Tests pinning previously-implicit invariants:

  • recently_removed_in_worktree worktree filter pinned by an
    explicit test so a future refactor of memory_scope_overview
    can't quietly drop the per-worktree slicing [0c131b9].
  • max_total cross-hit cap for depends_on auto-pull pinned in
    00ac037 so a graph-heavy memory can't blow the global budget
    even when each hit stays under its per-hit cap.

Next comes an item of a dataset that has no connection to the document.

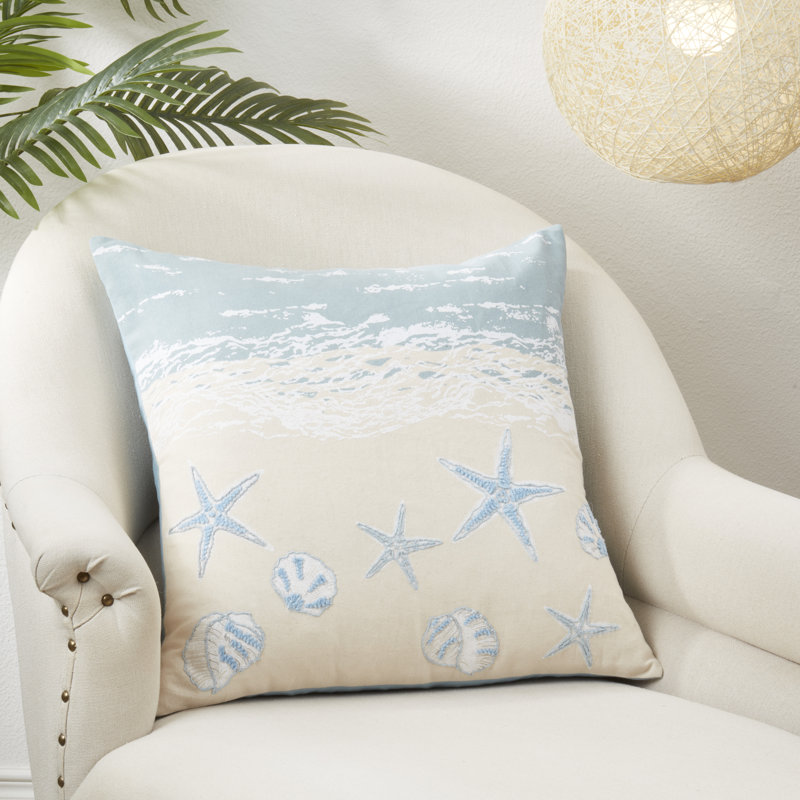 Seaside Treasures Blue Cotton Throw Pillow, 20" x 20"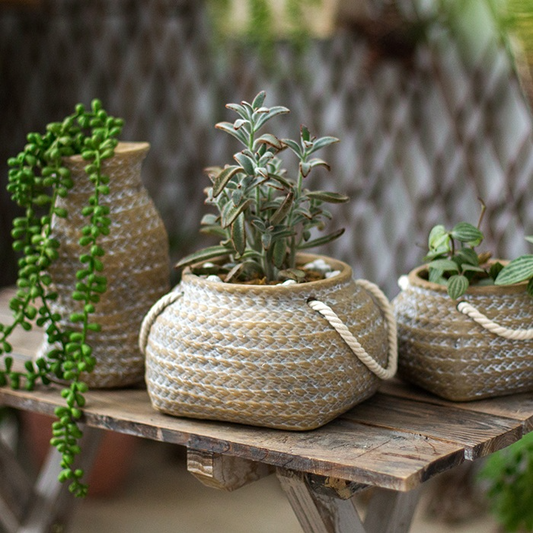 Maceta De Cerámica Para Plantas En Diseño De Bolsa De Cáñamo Con Asas De Cuerda - Maceta Decorativa Para Jardín Y Hogar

Documentation accuracy (model-facing):

  • Public API docs sync for the episode tier and the curation
    surface so a consumer reading docs/api.md gets shape-accurate
    return values for every tool in the 22-tool surface [1b41b51].
  • Handler DESC strings synced across memory_search,
    memory_health, memory_scope_overview, and memory_write so
    the FastMCP-published descriptions match the implementation's
    field enumeration [053ab9d].
  • docs/api.md sweep: episode_search shape, memory_show full
    field enumeration, memory_health timestamp surface, and
    episode_handoff filter semantics all corrected so the page
    ships as the canonical reference [8c072f9].
  • DESC drift cleanup: memory_audit_turn predicate language,
    since_prior_session wording, and the four episode-tier DESCs
    all reworded for accuracy against the implementation [a2076d8].

Internal

  • New Episode Pydantic model + EpisodeStore (lazy directory
    creation, atomic frontmatter writes, traversal-safe session_id
    validation, TTL-based prune that exempts the active session).
  • _TOOL_REF_RE in tests/test_prompts.py broadened to cover both
    memory_* and episode_* families so SKILL.md / system prompt
    parity catches drift in either tool group.
  • FastMCP instructions block carries a one-line loop pointer
    (episode_handoff at entry, episode_write(takeaway) at exit)
    under the 1700-char ceiling.
  • plugin/skills/bettermemory/SKILL.md gains a full Episodes:
    the sibling tier for run-state
    section with the loop-iteration
    pattern, storage layout, and the episode_promote lifecycle note.
  • README, docs/api.md, docs/ROADMAP.md, CONTRIBUTING.md, and
    plugin/README.md all updated to the new 22-tool count with the
    memory_* + episode_* split called out.
  • 50+ new tests across test_episodes.py, test_server.py,
    test_health.py, test_cli_smoke.py, test_config.py,
    test_direct_imports.py, test_prompts.py, test_eval.py.

Full diff: v3.0.2...v3.1.0

Distributions: bettermemory-3.1.0-py3-none-any.whl + bettermemory-3.1.0.tar.gz published to PyPI via trusted publishing.